The two-hour discussion touched on some of the unique challenges presented by the films they worked on, the hardest part of being a costume designer, the importance of having talented people around you and having to explain the importance of costume design to various people in the film community.
“It’s getting people to understand what you do,” Haders said. “What do you do and how do you do it? And having the means necessary to get it done. … It is that sort of push and pull of trying to do your job to the best of your ability and do service to the project in the way that you see yourself doing service to it.”
Landis and the panelists spoke often of their role to serve their projects. Costumes, when executed correctly, set a theme, provide metaphorical insights and orient the audience to who a character is. None of this can be achieved without thorough research into the characters, which becomes even more important when the character is a real person.
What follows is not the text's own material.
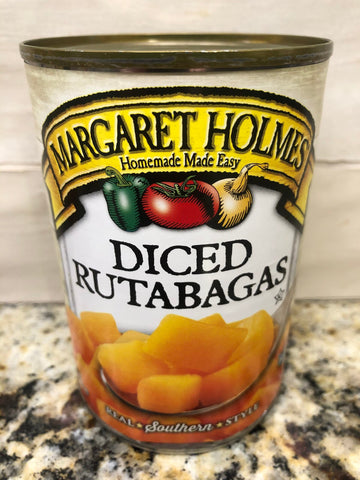 6 CANS Margaret Holmes Southern Style Diced Rutabagas 14.5 oz Can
Johnson told the audience about how she fought to win tabloid clippings of Tonya Harding on eBay because of the lack of available unbiased evidence of who Harding was and what she wore. By comparing multiple sources, Johnson worked to discover who Harding was underneath the criticism of tabloids.
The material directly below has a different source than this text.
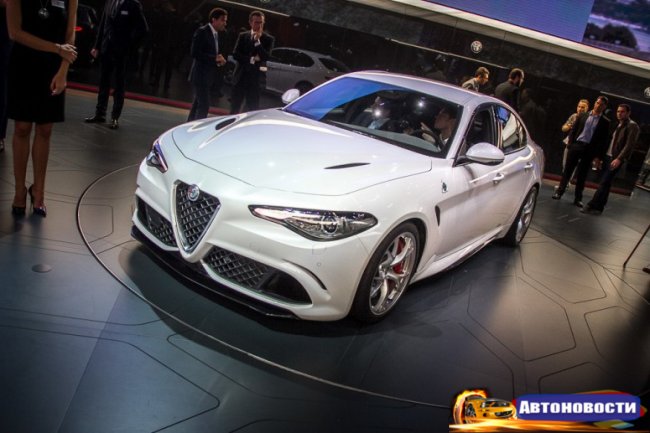 «Горячая» Alfa Romeo Giulia быстрее BMW M5 - «Автомобильные аварии»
“You wanted it to be your own. You didn’t want it to be somebody else’s impression of her,” Johnson said. “You wanted to make kind of a claim on this person and I didn’t want to make fun of her.”
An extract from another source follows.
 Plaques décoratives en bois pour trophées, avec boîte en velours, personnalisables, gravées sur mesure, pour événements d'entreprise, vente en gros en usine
In contrast, Durran had plenty of images of Winston Churchill to reference and even had two textiles spun for her so that she could perfectly recreate the print on his nightgown. The differing constraints the designers worked within highlight the need for adaptability and flexibility when occupying the highly demanding and sometimes unappreciated role of costume designer.
While all the designers sympathized with past experiences of unappreciative producers and underpaid crew, they all raved about the experience of working on their latest projects and the value of working with collaborative production teams.
“[The Shape of Water] came from love,” Sequeira said of the Best Picture winner. “Everybody poured their heart and soul into the picture. Between the production designer and hair and makeup and Guillermo [del Toro], of course.”
Despite the difficulties they face in designing costumes for a film, the panelists agreed on the best part of designing — watching a character come alive.
“We saw Gary for the first time in the prosthetic, which was amazing in itself. Then, when he put on the kind of first stage of the costume, and started walking like Churchill and being like Churchill it was just an amazing revelation,” Durran said about Gary Oldman’s Oscar-winning transformation into Churchill. “It was unbelievable. It’s a magical moment.”
Sequiera said he was blown away when Sally Hawkins cried the first time she put on the dress for the dream sequence in “The Shape of Water.” Napier told the audience about watching Saoirse Ronan jump into each costume with the energy and gumption of the young Lady Bird.
Bridges explained what about a costume makes an actor transform. “My theory is is that they look good but they feel like somebody else.”
Costume designers create one of the most integral parts of any story and do so while fighting for resources, scraping together costuming teams and working right alongside actors in all stages of filming. And they would choose no other job.
“The precious moment when you see a character come alive, and when you have that magical moment when someone hands you this extraordinary gift of an exceptional script, it’s all worth it,” Napier said.